DATA RECORDS ->
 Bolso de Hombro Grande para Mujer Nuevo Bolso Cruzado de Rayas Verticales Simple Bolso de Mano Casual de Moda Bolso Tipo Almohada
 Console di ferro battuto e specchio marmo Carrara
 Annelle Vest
---
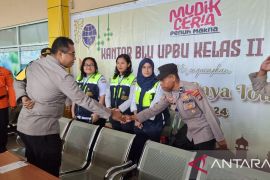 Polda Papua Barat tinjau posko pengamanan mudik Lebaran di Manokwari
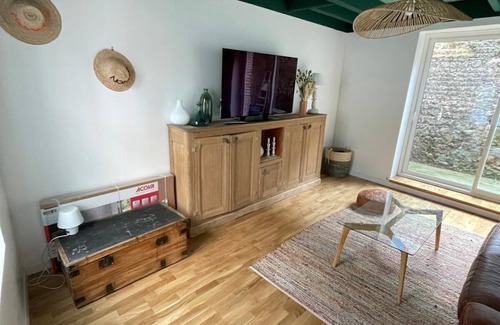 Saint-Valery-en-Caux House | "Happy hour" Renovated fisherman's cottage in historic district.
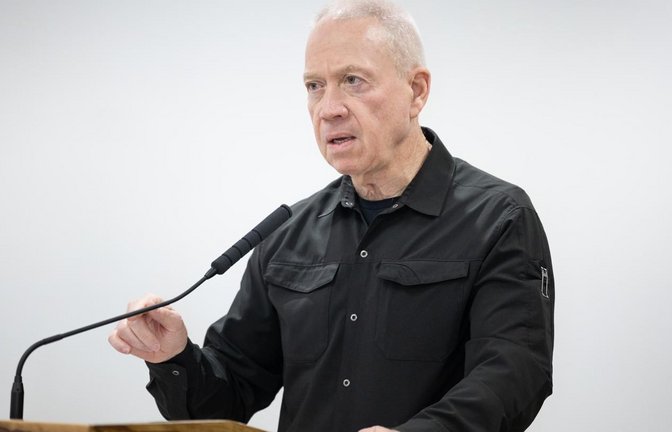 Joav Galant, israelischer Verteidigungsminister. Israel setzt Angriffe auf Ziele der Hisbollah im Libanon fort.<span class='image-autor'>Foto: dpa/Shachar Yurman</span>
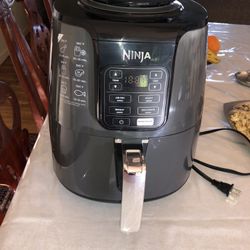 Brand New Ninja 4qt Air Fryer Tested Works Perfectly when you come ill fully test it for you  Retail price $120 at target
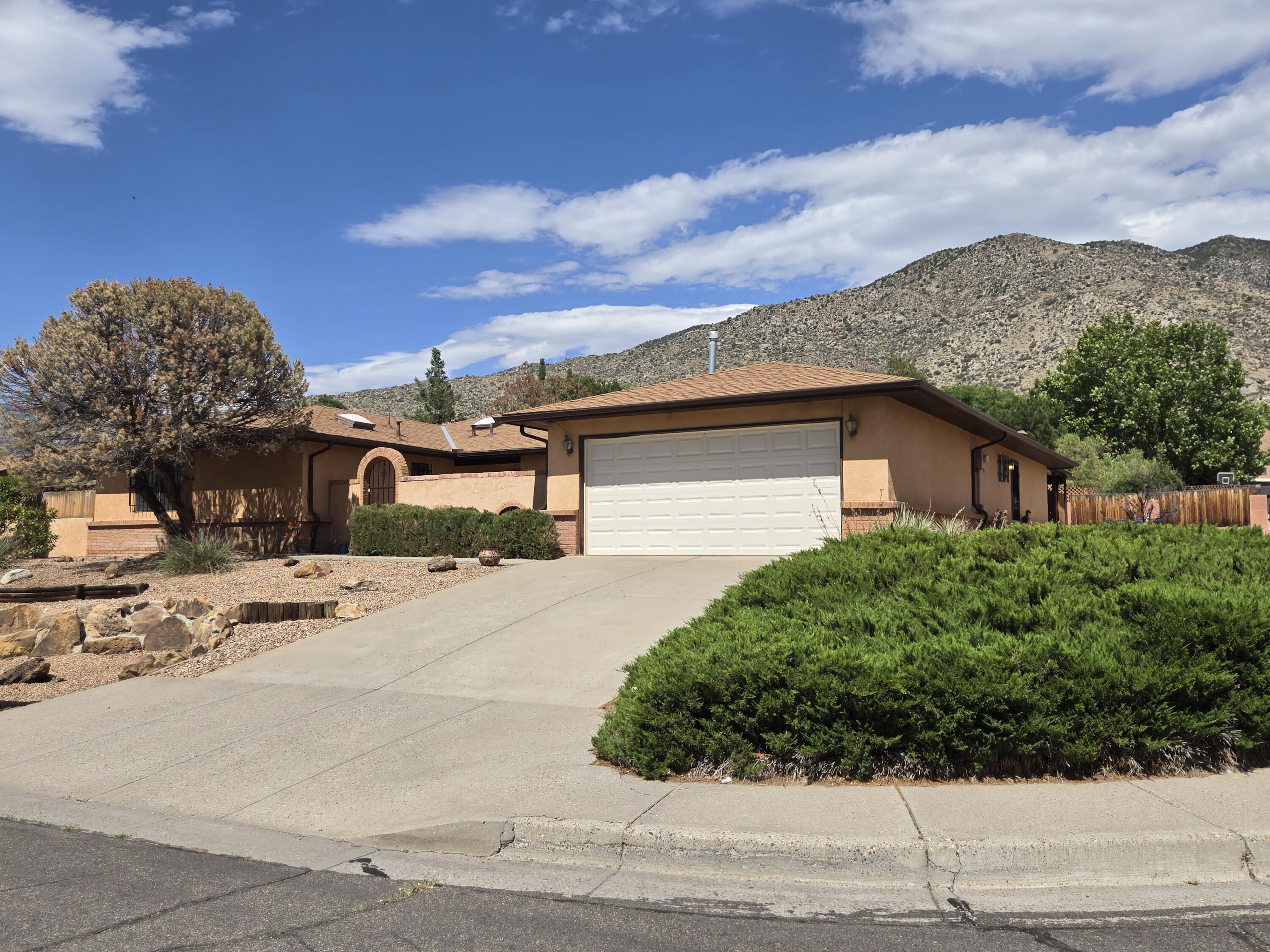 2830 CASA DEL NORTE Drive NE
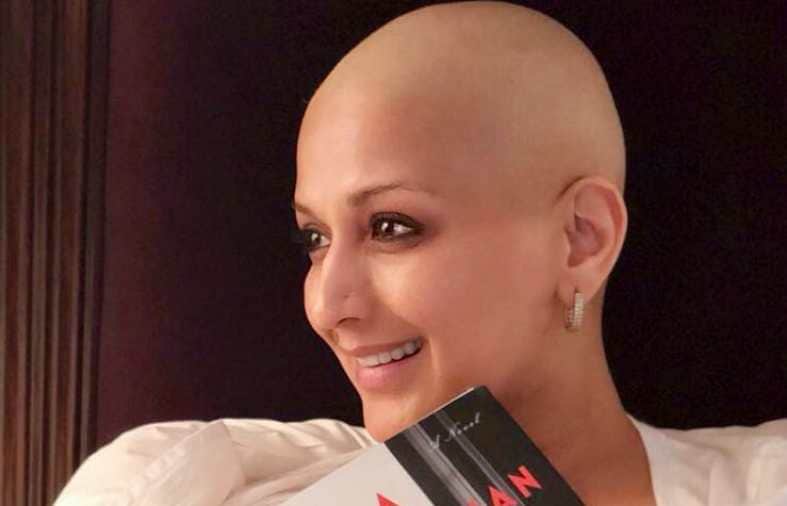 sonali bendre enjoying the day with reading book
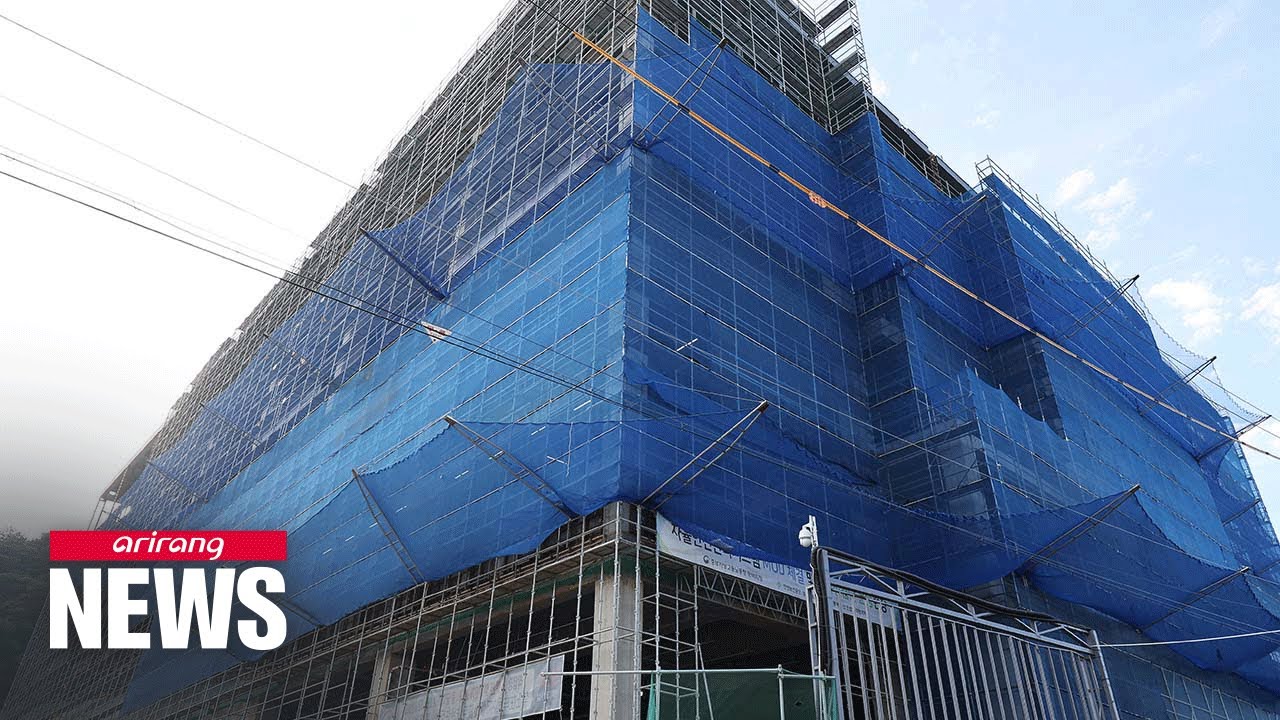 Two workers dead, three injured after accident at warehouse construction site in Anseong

TASK ->
Using the records above, print exactly the lines between the ones containing "Polda Papua Barat" and "Two workers dead, three", inclusive, and nothing else; no pictures.

SOLUTION TO THIS EXERCISE ->
 Polda Papua Barat tinjau posko pengamanan mudik Lebaran di Manokwari
 Saint-Valery-en-Caux House | "Happy hour" Renovated fisherman's cottage in historic district.
 Joav Galant, israelischer Verteidigungsminister. Israel setzt Angriffe auf Ziele der Hisbollah im Libanon fort.<span class='image-autor'>Foto: dpa/Shachar Yurman</span>
 Brand New Ninja 4qt Air Fryer Tested Works Perfectly when you come ill fully test it for you  Retail price $120 at target
 2830 CASA DEL NORTE Drive NE
 sonali bendre enjoying the day with reading book
 Two workers dead, three injured after accident at warehouse construction site in Anseong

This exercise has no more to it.